__What is being asked__
Find the line containing "And in the build" in the material below, then please transcribe it and each line after it exactly, without the pictures.

__Information__

=== Section Start ===

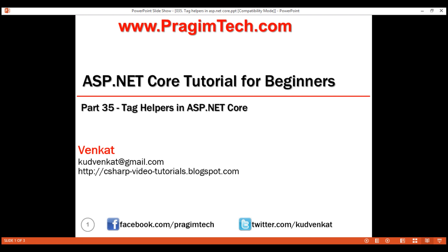This is part 35 of the ASP.NET Core tutorial. Tag helpers are new in ASP.NET Core, so let's understand what tag helpers are and their use with an example.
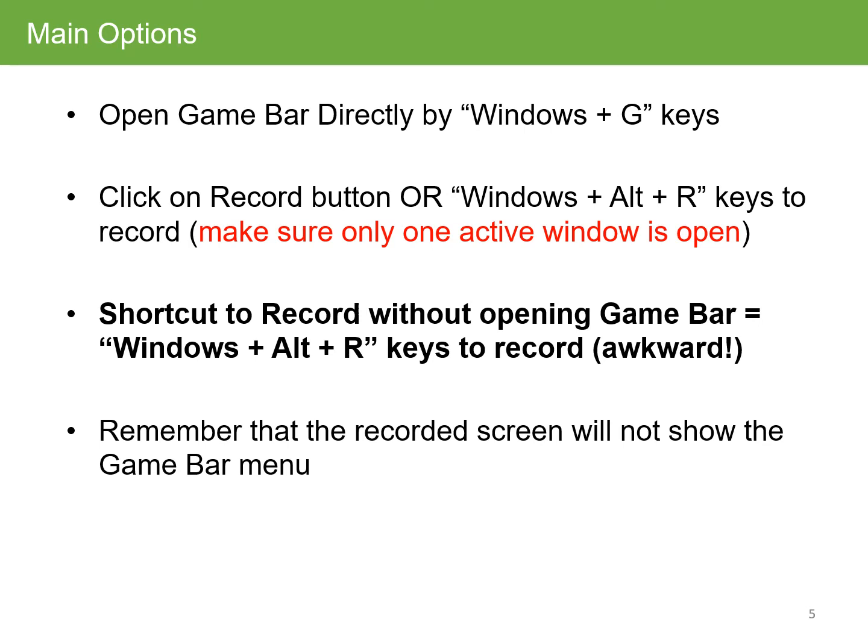To make sure that you're only recording one window, the shortcut to record without opening the Game Bar is the Windows + Alt + R keys together. I have found this to be quite awkward, and I found that opening the Game Bar and pressing on record is the best way to do it. Remember that the recorded screen will not show the Game Bar menu, as that will be disappearing in the background.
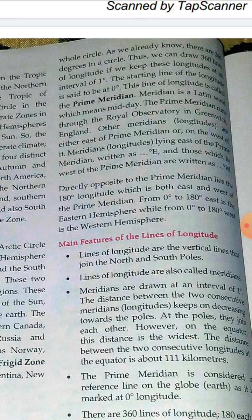There are 360 longitudes and 180 latitudes — 90 in the northern hemisphere and 90 in the southern hemisphere. We can draw 180 longitudes towards the eastern side and 180 towards the western side at an interval of 1 degree. The starting line of longitude is 0 degrees, known as the prime meridian — just like the equator is at 0 degrees for latitude. In Latin, 'meridian' means midday.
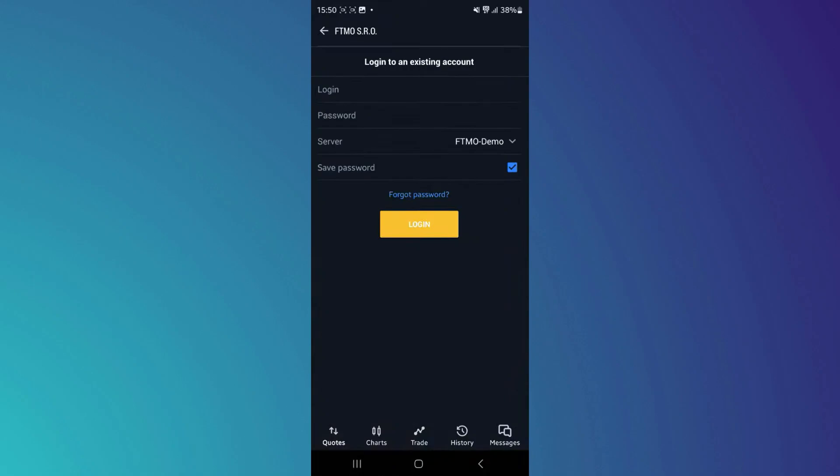So that's basically how you can connect PropFirm account to MetaTrader 5. And that's it for this video. If you find this helpful, consider subscribing and giving this a big thumbs up. Thanks.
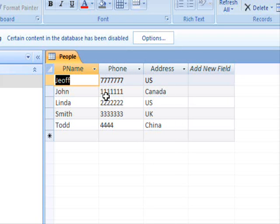Hello everyone, welcome back to database tutorials. Today's tutorial is about a query adapter. Query adapters are used to execute SQL statements against the database. To test that we need a simple table. In this example we have the people table which contains person name, phone, and address — so it's actually a very simple address book.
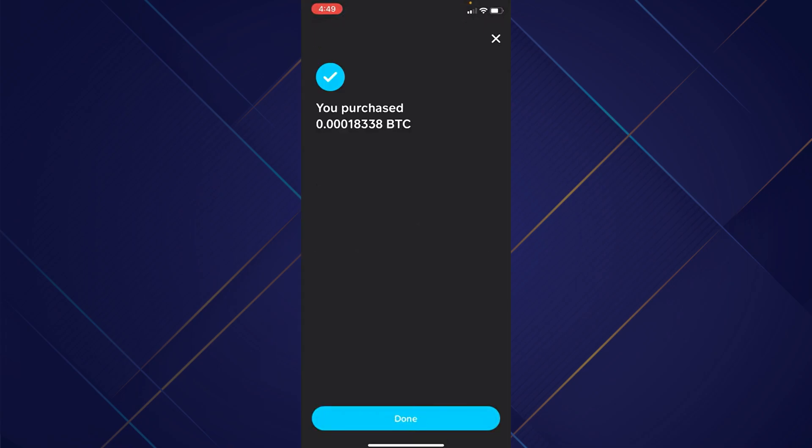You have now successfully bought Bitcoin using Cash App. And that's how you can buy Bitcoin using Cash App.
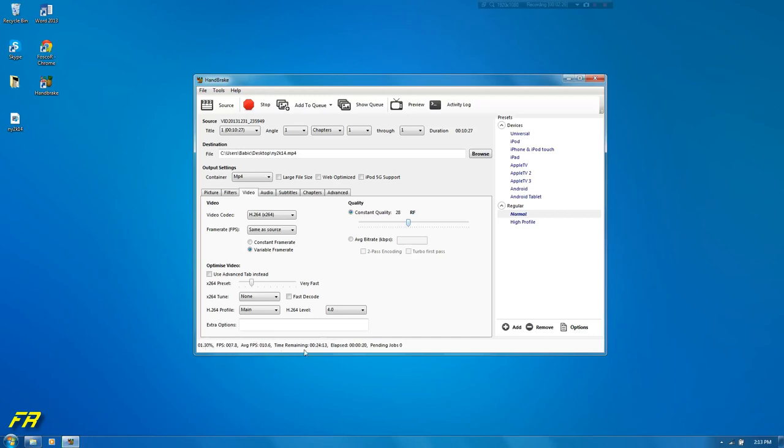Average FPS is not really so important but it tells you how many frames it's going through every second or something. I don't know.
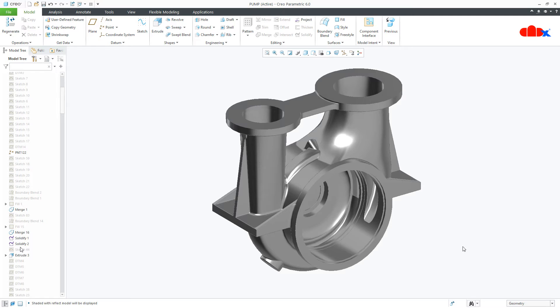Hello friends, Satyendra here and in this video, let us talk about the Boolean operation in Creo Parametric. Let us get started.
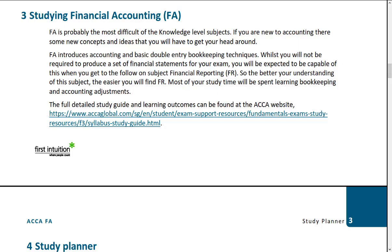The financial accounting paper is a tricky paper — probably the most difficult of the knowledge-level subjects. You're learning the core concept of basic double entry bookkeeping, and this is a bit like learning a language. You can't go on and learn the more complicated bits until you've learned this foundation, and like learning a language it's going to take time, practice, and repetition.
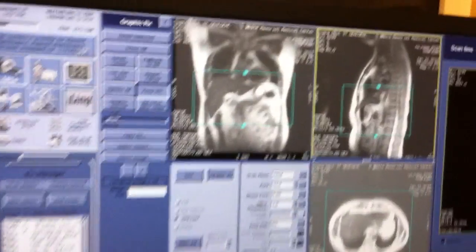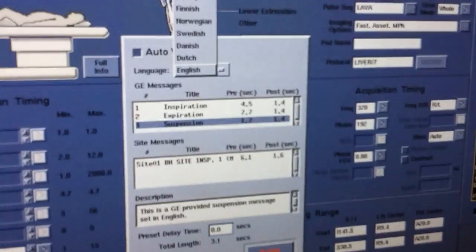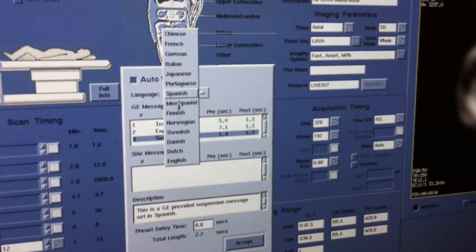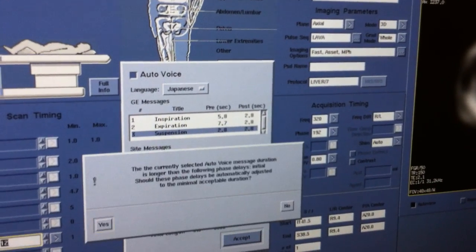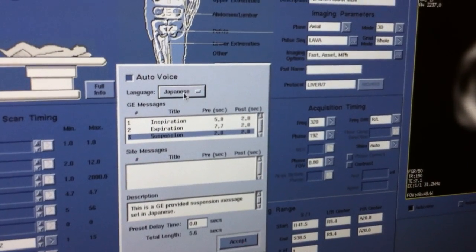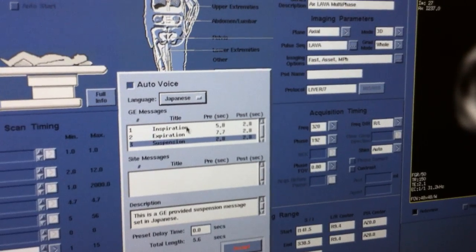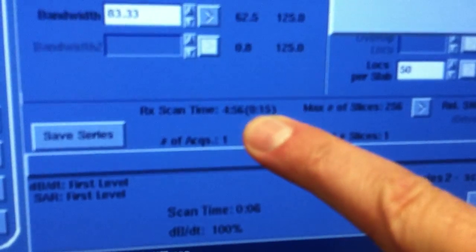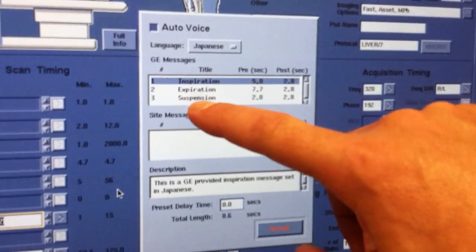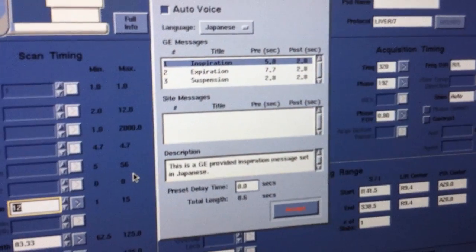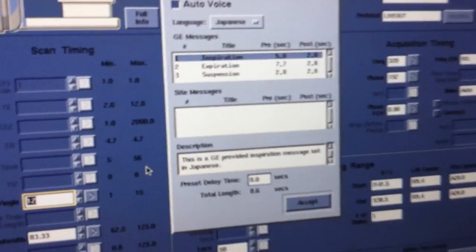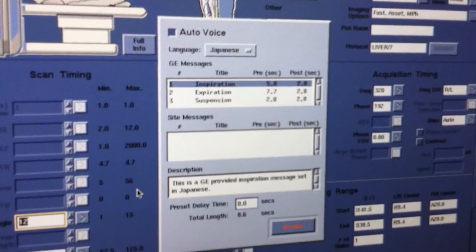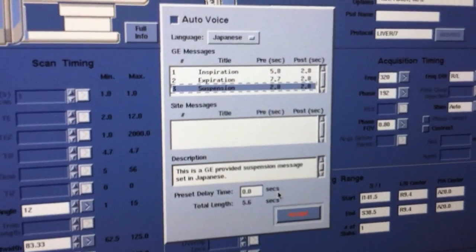If you need to change your auto voice, if you want to put it in Spanish, you want to put it in Japanese, whatever it is, this is it. These scans, these lava scans, multiple scans are only 15 seconds long. So, you don't need an inspiration. You can go just suspension. Suspension will tell the patient, hold your breath. It's not going to tell them to breathe in and hold, just hold their breath. So, this is the best one to use in this case.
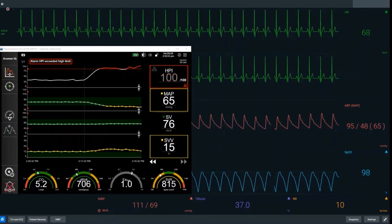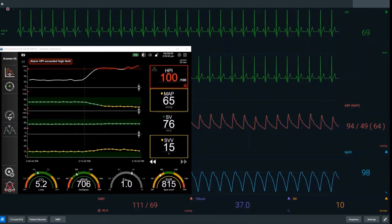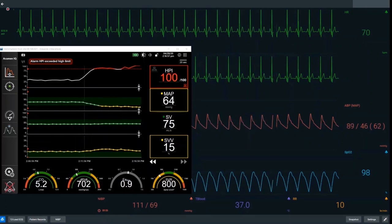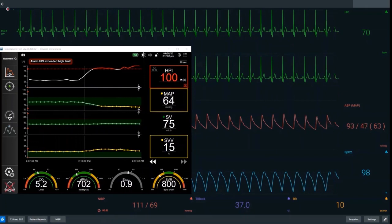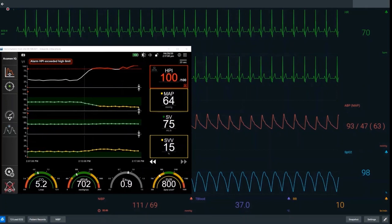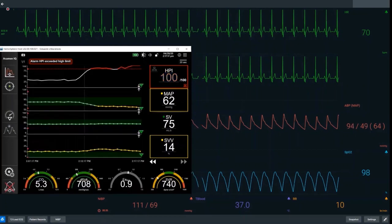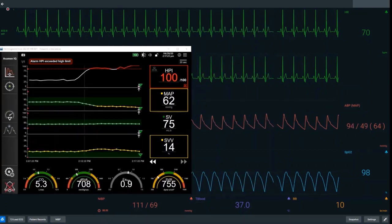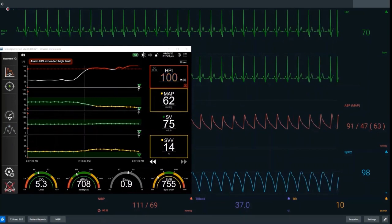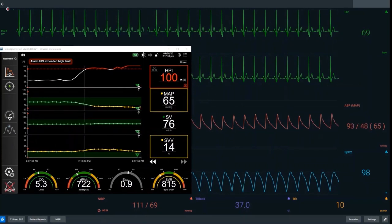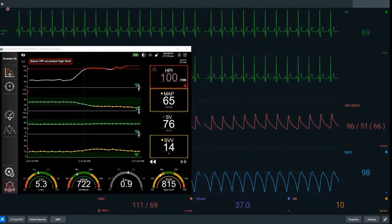It is also reasonable to give fluid to improve flow because the patient is preload responsive due to the raised SVV, but we must be mindful that this will not solve the blood pressure issue because EADYN is below the critical value. HPI has now been raised for approximately four minutes and we can see we're only just becoming hypotensive, demonstrating the prediction of impending hypotensive events. We have now given a bolus of vasoconstrictor to rectify our MAP.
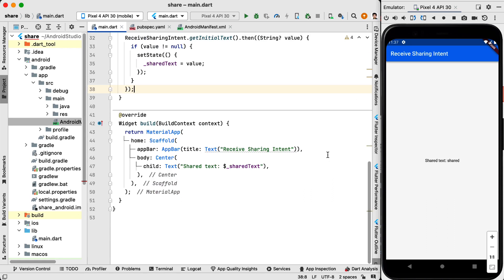And in the build we just have a simple text widget that says shared text. And then it is going to display the shared text. Obviously in your application you can get this shared text and you can process it. You can save it as a note and you can apply lots of different processing methods on the text.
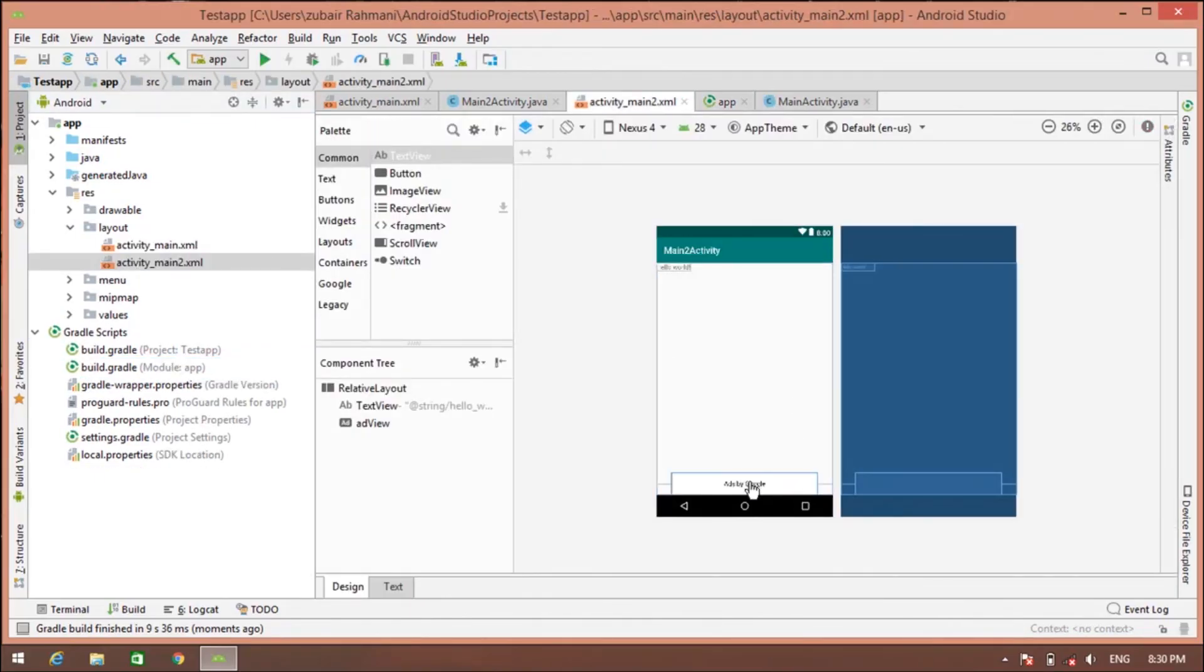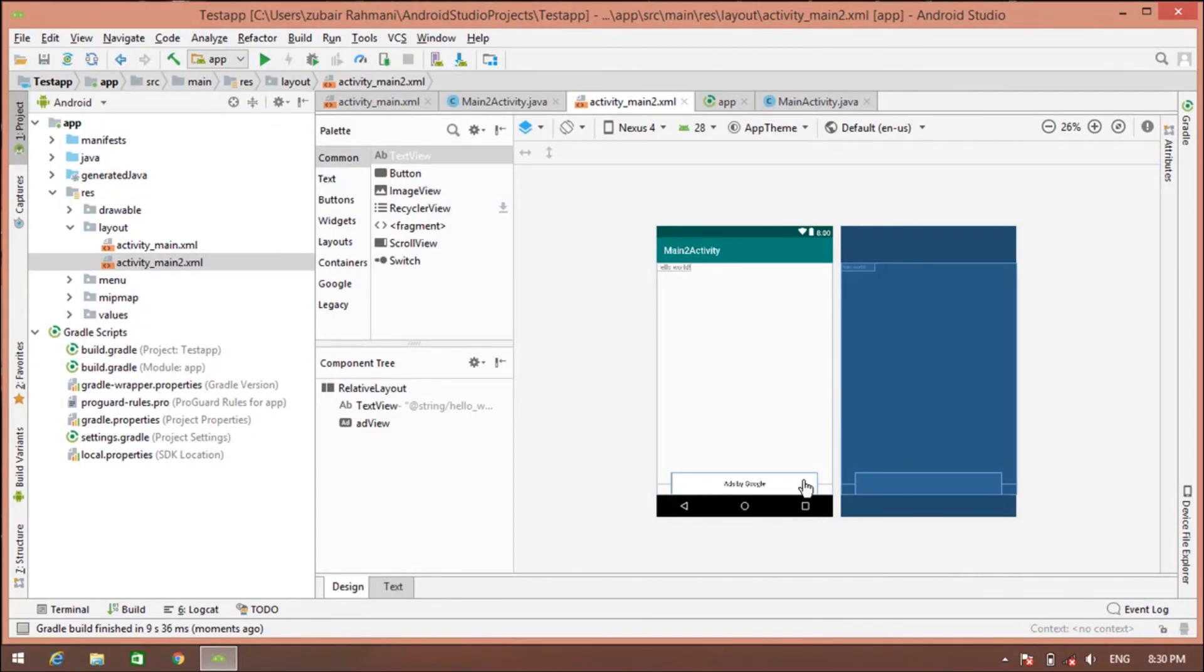So friends, this is how you place banner ad on your app. So thanks for watching. For more videos, please subscribe to my channel. And if you have any questions, write down in the comments. And if you like this video, then share it with your friends and family. Thank you for watching.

=== Section End ===

__Answer box__
And in the build we just have a simple text widget that says shared text. And then it is going to display the shared text. Obviously in your application you can get this shared text and you can process it. You can save it as a note and you can apply lots of different processing methods on the text.
So friends, this is how you place banner ad on your app. So thanks for watching. For more videos, please subscribe to my channel. And if you have any questions, write down in the comments. And if you like this video, then share it with your friends and family. Thank you for watching.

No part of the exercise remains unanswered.